__Your instructions__.
Copy out, exactly, the first line of the entries below and every line after it through the one containing "Surface sampling, October 2022".

[Opening Data extract section]

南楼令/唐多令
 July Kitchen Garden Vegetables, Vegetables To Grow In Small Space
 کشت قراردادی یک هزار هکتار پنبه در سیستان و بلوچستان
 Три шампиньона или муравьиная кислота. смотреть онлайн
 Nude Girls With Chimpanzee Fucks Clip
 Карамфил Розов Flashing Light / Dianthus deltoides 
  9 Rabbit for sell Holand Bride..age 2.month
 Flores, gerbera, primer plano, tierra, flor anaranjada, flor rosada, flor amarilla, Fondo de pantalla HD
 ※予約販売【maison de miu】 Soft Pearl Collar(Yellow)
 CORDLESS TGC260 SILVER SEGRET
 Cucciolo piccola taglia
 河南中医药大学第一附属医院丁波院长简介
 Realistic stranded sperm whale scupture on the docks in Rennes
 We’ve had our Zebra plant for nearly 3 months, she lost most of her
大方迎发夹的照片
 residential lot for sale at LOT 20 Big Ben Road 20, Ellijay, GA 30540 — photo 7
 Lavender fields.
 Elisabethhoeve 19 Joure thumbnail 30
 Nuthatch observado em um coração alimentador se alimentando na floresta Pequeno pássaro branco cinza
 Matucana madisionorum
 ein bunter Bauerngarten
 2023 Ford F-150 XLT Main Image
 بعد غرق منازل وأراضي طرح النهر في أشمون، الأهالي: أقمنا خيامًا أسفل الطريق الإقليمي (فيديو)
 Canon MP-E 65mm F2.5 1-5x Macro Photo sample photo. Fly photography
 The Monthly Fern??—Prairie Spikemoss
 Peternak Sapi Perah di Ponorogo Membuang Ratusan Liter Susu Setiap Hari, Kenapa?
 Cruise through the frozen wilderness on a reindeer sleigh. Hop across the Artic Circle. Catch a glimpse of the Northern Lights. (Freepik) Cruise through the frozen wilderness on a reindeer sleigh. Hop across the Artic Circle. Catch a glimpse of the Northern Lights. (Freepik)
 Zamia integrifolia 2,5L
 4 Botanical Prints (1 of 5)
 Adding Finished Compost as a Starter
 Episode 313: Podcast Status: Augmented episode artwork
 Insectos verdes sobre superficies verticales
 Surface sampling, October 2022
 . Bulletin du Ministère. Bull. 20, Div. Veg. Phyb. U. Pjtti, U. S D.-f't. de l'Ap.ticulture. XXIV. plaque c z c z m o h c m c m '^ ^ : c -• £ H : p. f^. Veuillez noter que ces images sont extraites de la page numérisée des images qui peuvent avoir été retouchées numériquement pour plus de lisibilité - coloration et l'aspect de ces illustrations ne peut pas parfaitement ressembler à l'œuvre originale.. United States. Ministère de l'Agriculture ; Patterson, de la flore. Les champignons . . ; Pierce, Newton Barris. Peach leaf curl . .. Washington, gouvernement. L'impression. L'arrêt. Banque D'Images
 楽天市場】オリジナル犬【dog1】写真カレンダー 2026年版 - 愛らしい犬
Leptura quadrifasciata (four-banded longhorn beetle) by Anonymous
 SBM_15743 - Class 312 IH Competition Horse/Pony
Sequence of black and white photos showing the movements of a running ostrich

[Closing Data extract section]

__Solution to the problem__.
南楼令/唐多令
 July Kitchen Garden Vegetables, Vegetables To Grow In Small Space
 کشت قراردادی یک هزار هکتار پنبه در سیستان و بلوچستان
 Три шампиньона или муравьиная кислота. смотреть онлайн
 Nude Girls With Chimpanzee Fucks Clip
 Карамфил Розов Flashing Light / Dianthus deltoides 
  9 Rabbit for sell Holand Bride..age 2.month
 Flores, gerbera, primer plano, tierra, flor anaranjada, flor rosada, flor amarilla, Fondo de pantalla HD
 ※予約販売【maison de miu】 Soft Pearl Collar(Yellow)
 CORDLESS TGC260 SILVER SEGRET
 Cucciolo piccola taglia
 河南中医药大学第一附属医院丁波院长简介
 Realistic stranded sperm whale scupture on the docks in Rennes
 We’ve had our Zebra plant for nearly 3 months, she lost most of her
大方迎发夹的照片
 residential lot for sale at LOT 20 Big Ben Road 20, Ellijay, GA 30540 — photo 7
 Lavender fields.
 Elisabethhoeve 19 Joure thumbnail 30
 Nuthatch observado em um coração alimentador se alimentando na floresta Pequeno pássaro branco cinza
 Matucana madisionorum
 ein bunter Bauerngarten
 2023 Ford F-150 XLT Main Image
 بعد غرق منازل وأراضي طرح النهر في أشمون، الأهالي: أقمنا خيامًا أسفل الطريق الإقليمي (فيديو)
 Canon MP-E 65mm F2.5 1-5x Macro Photo sample photo. Fly photography
 The Monthly Fern??—Prairie Spikemoss
 Peternak Sapi Perah di Ponorogo Membuang Ratusan Liter Susu Setiap Hari, Kenapa?
 Cruise through the frozen wilderness on a reindeer sleigh. Hop across the Artic Circle. Catch a glimpse of the Northern Lights. (Freepik) Cruise through the frozen wilderness on a reindeer sleigh. Hop across the Artic Circle. Catch a glimpse of the Northern Lights. (Freepik)
 Zamia integrifolia 2,5L
 4 Botanical Prints (1 of 5)
 Adding Finished Compost as a Starter
 Episode 313: Podcast Status: Augmented episode artwork
 Insectos verdes sobre superficies verticales
 Surface sampling, October 2022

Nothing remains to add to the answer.